Recall that Energy Afrique had reported that the Nigerian National Petroleum Company (NNPC) Limited secured an emergency $3 billion crude oil repayment loan from the African Export-Import Bank popularly known as AfreximBank.
The agreement was reached on Wednesday at Afreximbank’s headquarters in Cairo, Egypt. The signed agreement promised immediate disbursement of funds, a critical step that positions NNPC to actively support the Federal Government’s ongoing fiscal and monetary policies.
Here are eight important things you need to know about the Loan as explained by the company via its Twitter handle.
- The loan is not a crude-for-refined products swap but an upfront cash loan against proceeds from a limited amount of future crude oil production.
- The loan is not risky for NNPCL or the Nigerian Treasury. The exposure for NNPC is very limited, covering just a fraction of their entitlements. Additionally, there are no sovereign guarantees tied to this loan.
- The loan will assist NNPCL in settling taxes and royalties in advance. It will also equip the Federal Government with the necessary dollar liquidity to stabilize the Naira, with limited risk.

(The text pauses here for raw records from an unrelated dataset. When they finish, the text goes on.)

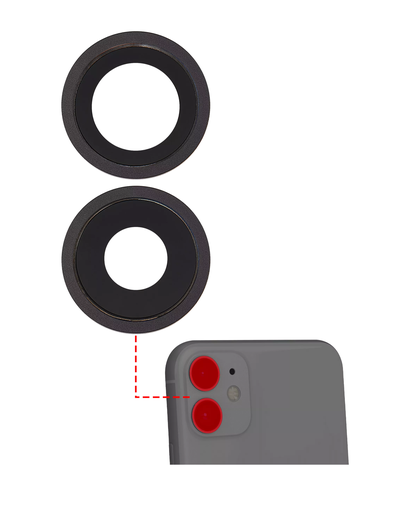 Back Camera Lens With Bracket &amp; Bezel Compatible For iPhone 11 (Black) (Aftermarket Plus)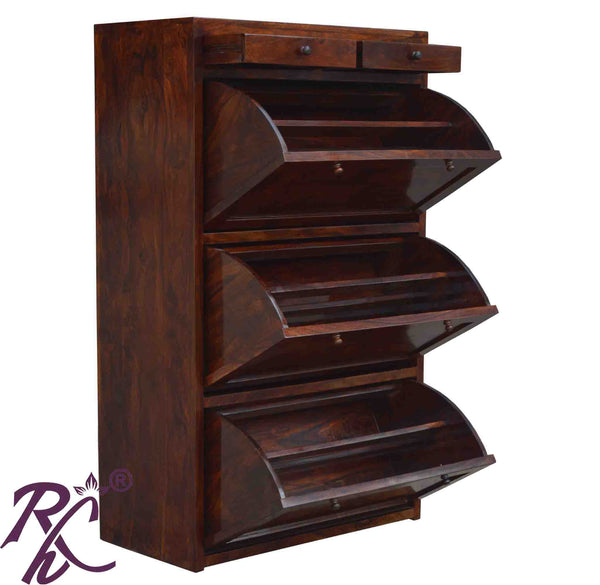 Solid Wood Wooden Shoe Rack 18 Pairs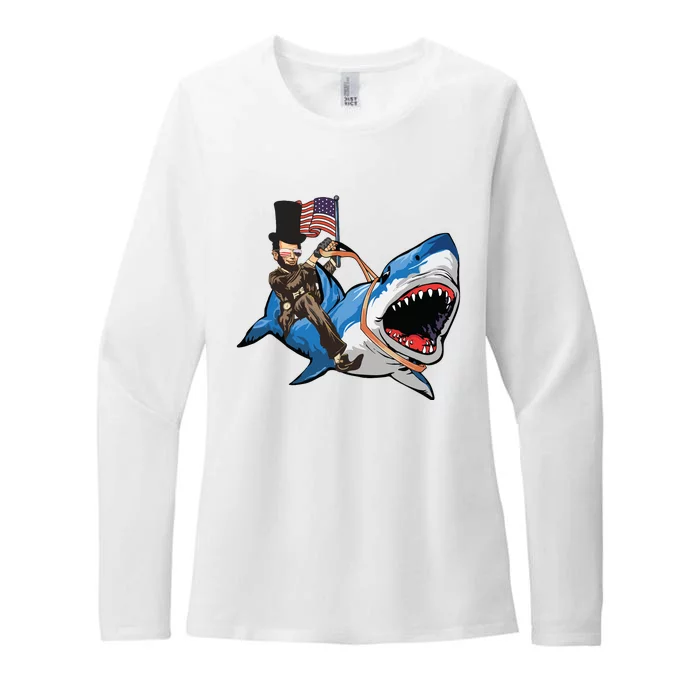 Abe Lincoln Riding Shark Shark Lovers Shark 4th Of July Womens CVC Long Sleeve Shirt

- The funds will be released in stages or tranches based on the specific needs and requirements of the Federal Government.

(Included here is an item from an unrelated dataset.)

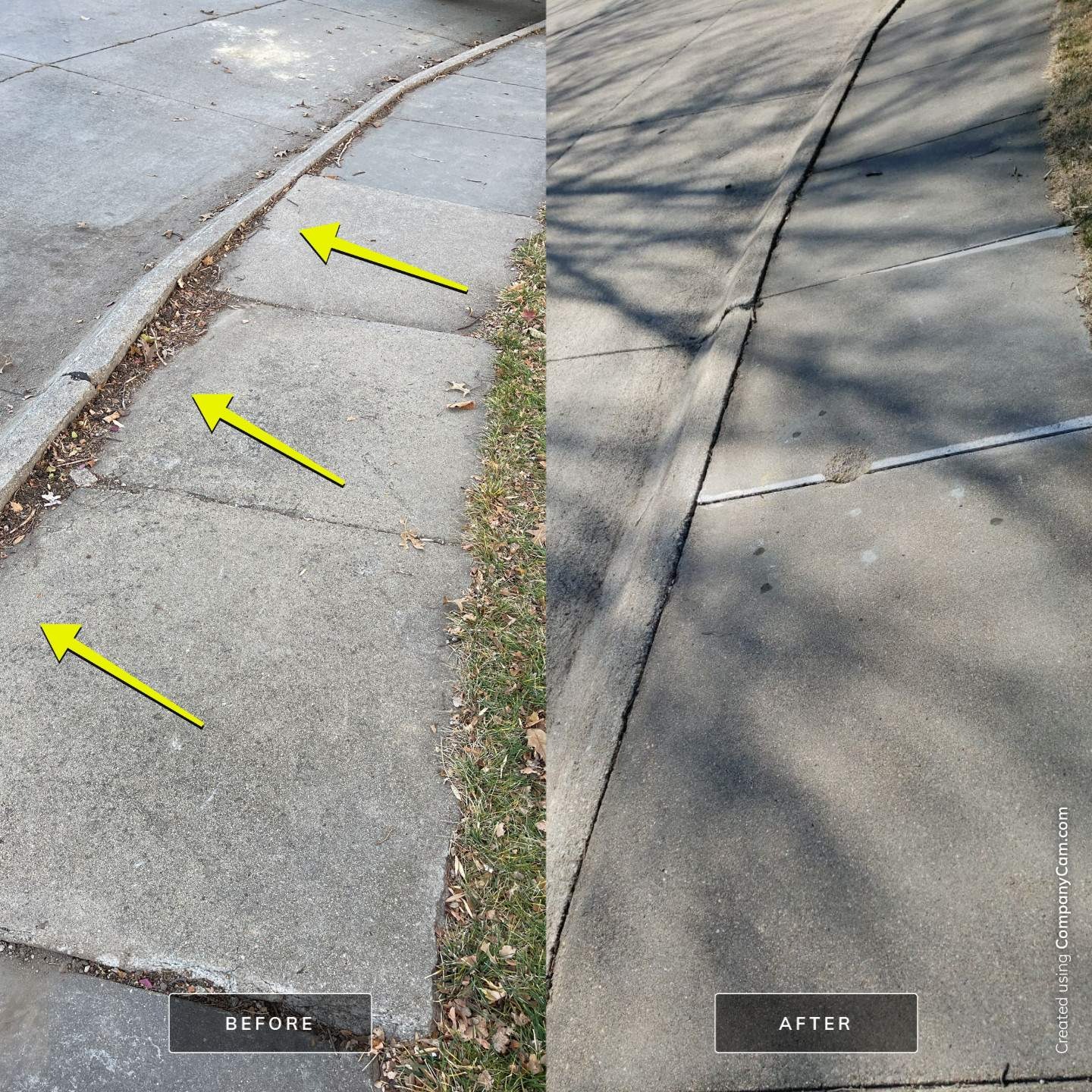 concrete leveling before and after photo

- A strengthened Naira as a result of this initiative will lead to a reduction in fuel costs. This means that if the Naira appreciates in value, the cost of fuel will drop and further increases will be halted.

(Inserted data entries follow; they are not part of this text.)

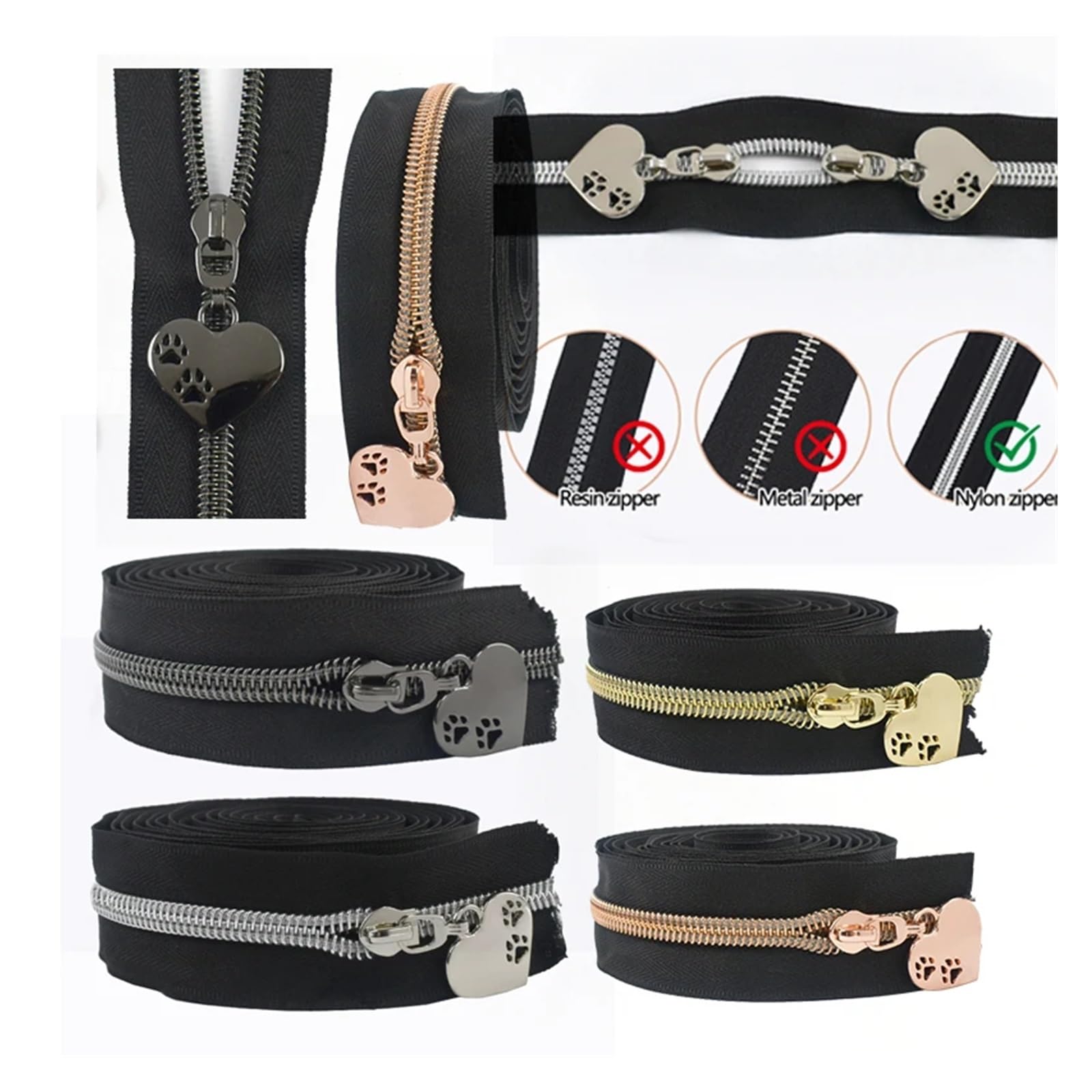 2/3/10M 5# Cerniera In Nylon Al Metro + Cerniere Tira Borsa Scarpe Cerniere Cursori Borsa Indumento Zip Testa chiusura Kit di Riparazione Accessori(Black,10Meter)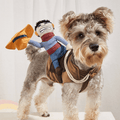 Halloween Dog Costume Cowboy Knight Riding Figure – Funny Quirky Transformation Pet Clothes for Golden Retriever, Teddy & Medium Large Dogs, Halloween Party Dog Outfit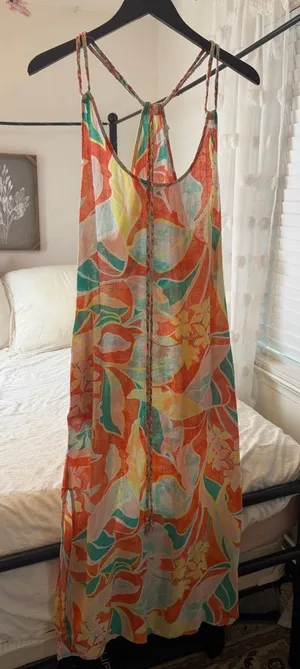 Cynthia Rowley Colorful Floral Maxi Slip Dress beach cover-sz S thumbnail 1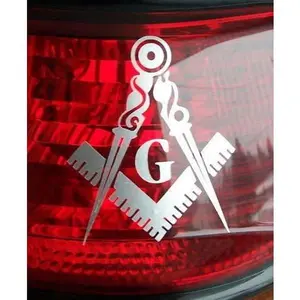 (Four Pack) 3" Masonic Series Freemason Compass Square Decal Sticker -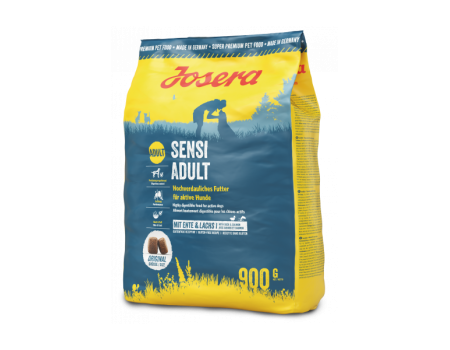 JOSERA SensiAdult - сухой корм Йозера с уткой, рисом и лососем для взрослых активных собак с чувствительным пищеварением, 0,9 кг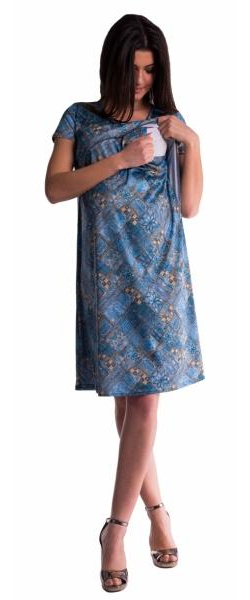 Těhotenské a kojící šaty s květinovým potiskem - tm. modré - M (38) - modré, vel. L - L (40)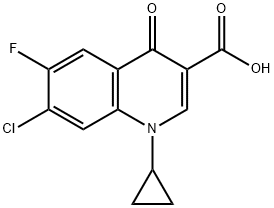 7-chlor-1-ciklopropil-6-fluor-1,4-dihidro-4-oksochinolin-3-karboksirūgštis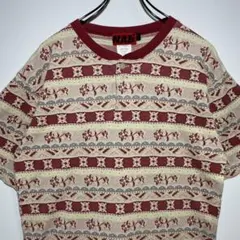 NAB. ヘンリーネック　Tシャツ サイズM 総柄　花柄　おしゃれ　希少　古着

- Subsidies are not coming back, but a stronger Naira will result in lower prices from the current level, making subsidies unnecessary. The deregulation policy remains unchanged.
- The loan will be repaid against a fraction of proceeds from future crude oil production. It’s a strategic move that ensures a balance between our current economic needs and future production capabilities.
- It is not like previous swap deals. This is not a crude for refined products agreement where the government does not earn any proceeds from the swap.
The policies are aimed at achieving stability in the exchange rate market, a pressing concern that has impacted the Nigerian Naira against the US Dollar.